DATASET CONTENT: Begin
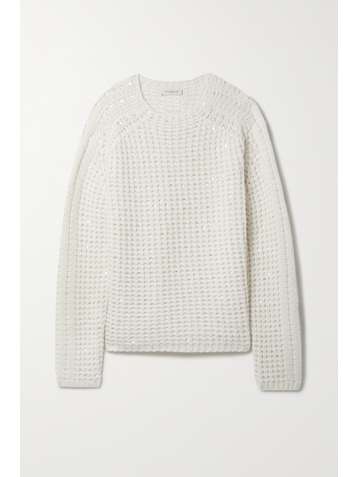 LAFAYETTE 148 Pull en cachemire à mailles gaufrées et à sequins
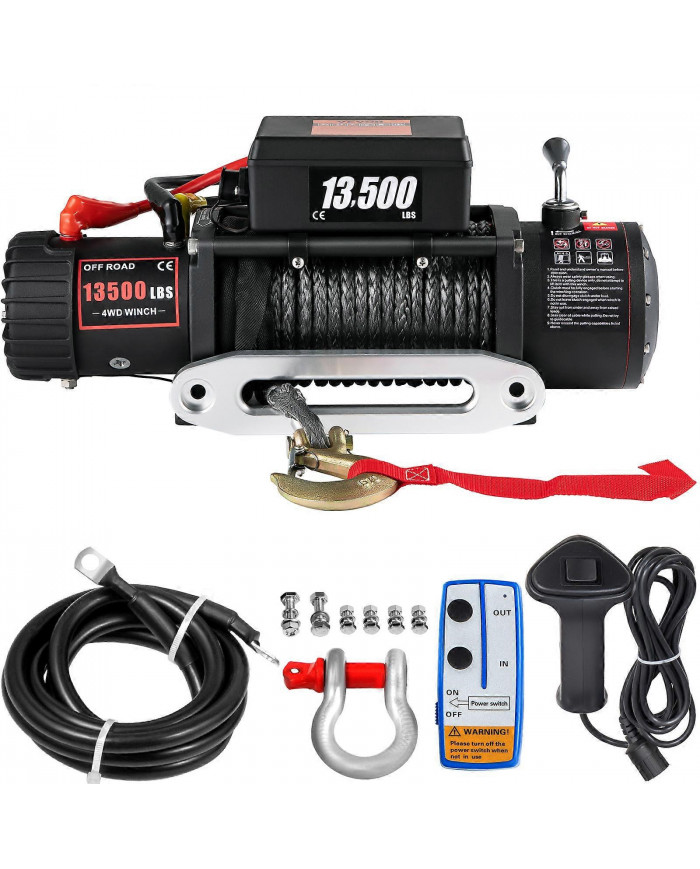 Treuil de récupération électrique 12V 13500LB Corde synthétique 4x4 robuste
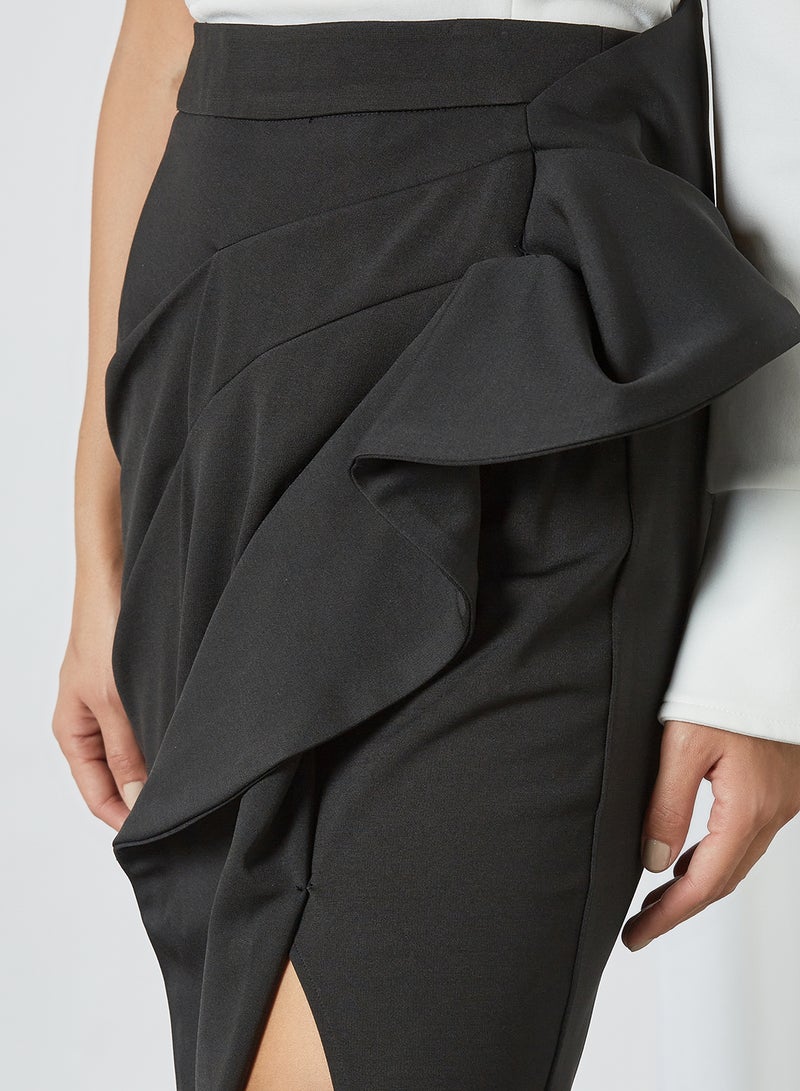 Femi9 Asymmetrical Ruffled Skirt Black - Image 3
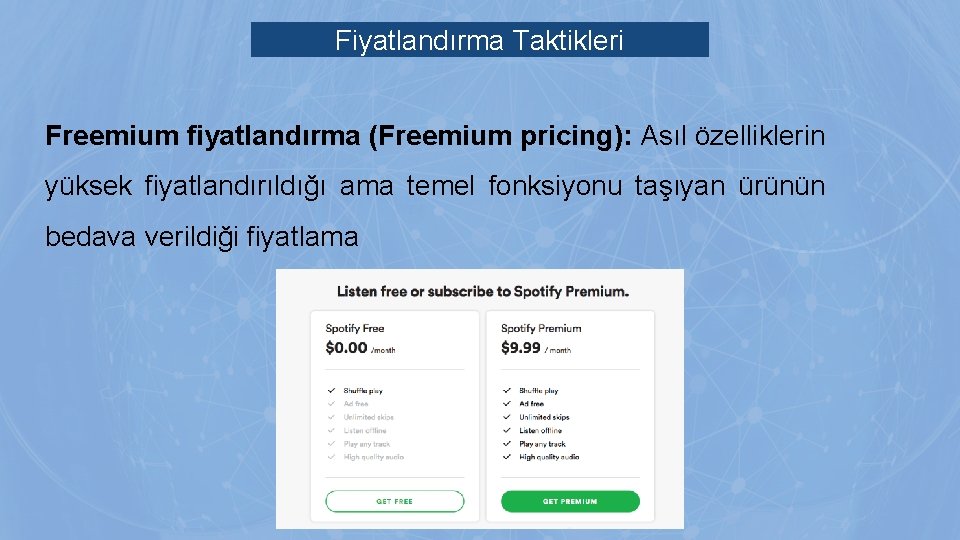 Fiyatlandırma Taktikleri Freemium fiyatlandırma (Freemium pricing): Asıl özelliklerin yüksek fiyatlandırıldığı ama temel fonksiyonu taşıyan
DATASET CONTENT: End
* [TASK PROMPT] Output the full listing verbatim; pictures stay out.

* [EXERCISE SOLUTION]
 LAFAYETTE 148 Pull en cachemire à mailles gaufrées et à sequins
 Treuil de récupération électrique 12V 13500LB Corde synthétique 4x4 robuste
 Femi9 Asymmetrical Ruffled Skirt Black - Image 3
 Fiyatlandırma Taktikleri Freemium fiyatlandırma (Freemium pricing): Asıl özelliklerin yüksek fiyatlandırıldığı ama temel fonksiyonu taşıyan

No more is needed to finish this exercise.